Isuien is located in Nara, several miles to the southeast of Kyoto and the site of the capital for several decades prior to 794. The garden lies just southwest of the great Todaiji temple and is actually two separate gardens. The small lower or western garden is built around a pond with two islands representing the crane and turtle, the classic symbols of longevity. It was built in the early Edo period around the 1670's by Kiyosumi Michikiyo, a wealthy textile merchant who managed to escape the sumptuary laws.
Momentos of Kiyosumi's trade make an appearance in the larger, eastern garden built by Tojiro Seki, another Nara merchant in the early 1890's. This so-called rear or upper garden was probably designed by Horitoku, a garden architect patronized by the Ura Senke school of Tea. Another retainer of the Ura Senke school, the carpenter, Kimura Seibei, was commissioned to build Hyoshintei, the pavilion on the west side of the pond.
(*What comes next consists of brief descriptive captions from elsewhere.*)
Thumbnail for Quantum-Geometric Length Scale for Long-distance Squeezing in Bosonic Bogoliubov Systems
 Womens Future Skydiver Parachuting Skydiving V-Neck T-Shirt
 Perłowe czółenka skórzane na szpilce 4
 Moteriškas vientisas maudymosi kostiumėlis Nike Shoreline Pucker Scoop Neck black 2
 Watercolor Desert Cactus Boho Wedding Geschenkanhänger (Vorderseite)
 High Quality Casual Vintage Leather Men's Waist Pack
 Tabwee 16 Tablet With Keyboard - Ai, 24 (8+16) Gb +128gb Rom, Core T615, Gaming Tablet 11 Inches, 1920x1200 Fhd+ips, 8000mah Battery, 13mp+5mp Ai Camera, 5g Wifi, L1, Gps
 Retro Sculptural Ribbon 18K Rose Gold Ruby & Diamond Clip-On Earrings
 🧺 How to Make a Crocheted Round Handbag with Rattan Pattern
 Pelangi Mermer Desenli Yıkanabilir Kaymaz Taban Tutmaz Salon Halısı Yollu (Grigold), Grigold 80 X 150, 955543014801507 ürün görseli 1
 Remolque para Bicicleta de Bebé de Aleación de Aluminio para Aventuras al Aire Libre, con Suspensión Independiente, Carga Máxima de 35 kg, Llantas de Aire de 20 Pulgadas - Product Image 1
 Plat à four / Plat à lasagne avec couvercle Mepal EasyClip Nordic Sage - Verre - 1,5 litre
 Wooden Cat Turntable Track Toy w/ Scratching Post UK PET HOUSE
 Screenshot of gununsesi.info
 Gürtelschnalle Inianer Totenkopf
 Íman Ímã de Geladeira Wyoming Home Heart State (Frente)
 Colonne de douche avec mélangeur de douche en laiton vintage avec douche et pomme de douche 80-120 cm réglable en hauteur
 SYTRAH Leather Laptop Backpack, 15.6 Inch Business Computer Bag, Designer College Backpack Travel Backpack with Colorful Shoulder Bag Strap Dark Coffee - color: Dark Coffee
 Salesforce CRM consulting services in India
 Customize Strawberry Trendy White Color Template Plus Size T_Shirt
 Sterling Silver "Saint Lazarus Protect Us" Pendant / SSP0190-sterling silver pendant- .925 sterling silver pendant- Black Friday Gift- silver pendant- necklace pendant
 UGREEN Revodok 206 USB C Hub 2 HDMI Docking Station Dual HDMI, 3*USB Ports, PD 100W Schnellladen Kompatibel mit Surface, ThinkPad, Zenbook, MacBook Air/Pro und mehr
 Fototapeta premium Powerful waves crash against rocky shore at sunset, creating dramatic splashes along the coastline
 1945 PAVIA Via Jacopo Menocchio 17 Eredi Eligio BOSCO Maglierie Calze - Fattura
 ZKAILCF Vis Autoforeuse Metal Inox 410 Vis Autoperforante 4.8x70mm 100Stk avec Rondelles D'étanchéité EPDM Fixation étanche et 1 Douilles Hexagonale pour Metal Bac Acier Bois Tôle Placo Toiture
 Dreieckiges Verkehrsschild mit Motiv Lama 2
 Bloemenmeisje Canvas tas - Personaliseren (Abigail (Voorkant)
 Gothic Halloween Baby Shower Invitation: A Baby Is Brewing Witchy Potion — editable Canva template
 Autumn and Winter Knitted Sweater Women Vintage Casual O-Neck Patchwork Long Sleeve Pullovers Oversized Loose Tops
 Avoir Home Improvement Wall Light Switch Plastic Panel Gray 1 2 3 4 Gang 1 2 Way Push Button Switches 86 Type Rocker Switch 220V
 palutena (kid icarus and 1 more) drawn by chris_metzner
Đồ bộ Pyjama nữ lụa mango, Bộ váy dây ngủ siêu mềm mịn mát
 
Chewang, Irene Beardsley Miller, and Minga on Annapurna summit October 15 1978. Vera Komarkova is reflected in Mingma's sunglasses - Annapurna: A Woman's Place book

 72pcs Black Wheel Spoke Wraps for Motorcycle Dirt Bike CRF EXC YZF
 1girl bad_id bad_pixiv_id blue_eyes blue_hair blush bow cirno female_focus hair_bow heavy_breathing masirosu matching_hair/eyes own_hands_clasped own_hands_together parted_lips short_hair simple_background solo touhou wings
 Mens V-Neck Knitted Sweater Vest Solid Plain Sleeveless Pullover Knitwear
The pond in the eastern garden inscribes the Chinese character for "water" and contains a small island, reached by the millstones mentioned above. The basic layout is a stroll garden with some artificial hills, three-tiered waterfall and minimal rockwork, much being replaced by topiaried azaleas as was common throughout the Meiji period.
This garden is another excellent example of scenery external to the garden being capture alive. The shakkei here, intended for a viewer near the Hyoshintei pavilion captures the three hills of Nara, Wakakusa, Kasuga and Mikusa, which are foregrounded by the upper part of the South Gate of Todaiji. The capture is effected by the nearby woods of Himuro Shrine, framing the view and trimming out the intervening ground plane.
The two larger gardens on east and west are separated by a much more modestly scaled tea garden with two pavilions at either end connected by a path of stepping stones.
Itoh Teiji. Space and Illusion. Tokyo: Weatherhill, 1973, p. 43.
Mori Osamu. Teien Shohakka. Tokyo: Tokyo-do, 1993, p. 319-320.
Nietschke, Gunter. Japanese Gardens: Right angle and natural form. Cologne: Taschen, 1993, p. 220-221.